You don't say if your cycling background included wrenching, but if not bringing along someone that knows the mechanics of bikes would be helpful. If your fixie fits 'reasonably well' it might give you some insight as to the Giants fit, so if it appears the bike meets your intended uses and fits/ feels like it'll work on the test ride, ask the seller to bring it to a reputable LBS for assessment. 
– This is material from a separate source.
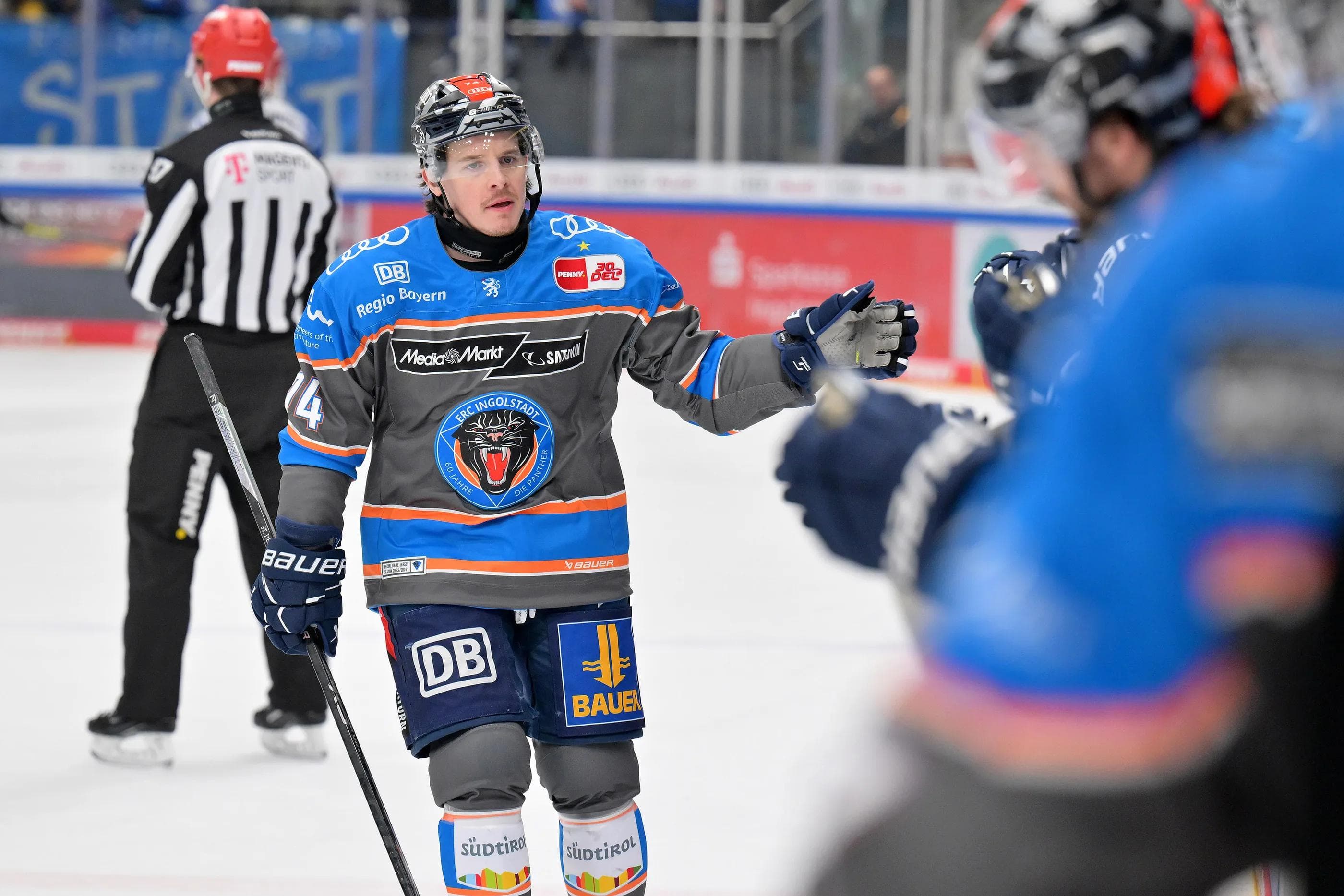 Ab sofort unterm Hammer: Das Jubiläumstrikot von Travis St. Denis und noch viele weitere Gamer.
Foto: Johannes Traub / JT-Presse.de.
There might be a nominal charge, but considering they can provide some advice/ affirmation as to overall condition, fit and general value, IMO it's a worthwhile investment. From there, if you're still interested, make an offer based (at least in part) on the LBS's recommendations.


----------



## Mr. Versatile (Nov 24, 2005)

Akirasho said:


> ... if it does not fit, then you must a quit!


LMAO! :lol:


----------



## Emkay (Aug 20, 2012)

It fit! I will not quit.  Aside from some adjustment issues I was able to make myself (I'm a beginning 'Wrencher' --as I can change tires and tubes myself, adjust seats, brakes, change out handlebars, and whatnot, and true a wheel (only done once!).... I was able to ride home fairly comfortably. It'll take some continuous tweaking, some new tires (for my own peace of mind), some Tuffies, a visit to my LBS to get everything tweaked up, and change out the creaking adjustable stem with one I have from a previous bike, and it'll be perfect. Now..... about closing the gap on those drop bar brakes so I can actually reach them.... 

The brakes aren't a new thing with me. All of the bikes I've tried had the same issue with their brake levers being too far out. It's not their fault, since the brakes would have a hard time functioning properly if they were any closer to the drop bar. I just have extremely rudimentary hands. Thank God this bike has secondary brakes.

Thanks for the advice, guys! *passes out Oreos to all.* This weekend, Marbles (that's her name now--she's a Rescue just like my cat) will be checked up and ready to roll.  I'll update as the slow progress into becoming One with this bike continues.


----------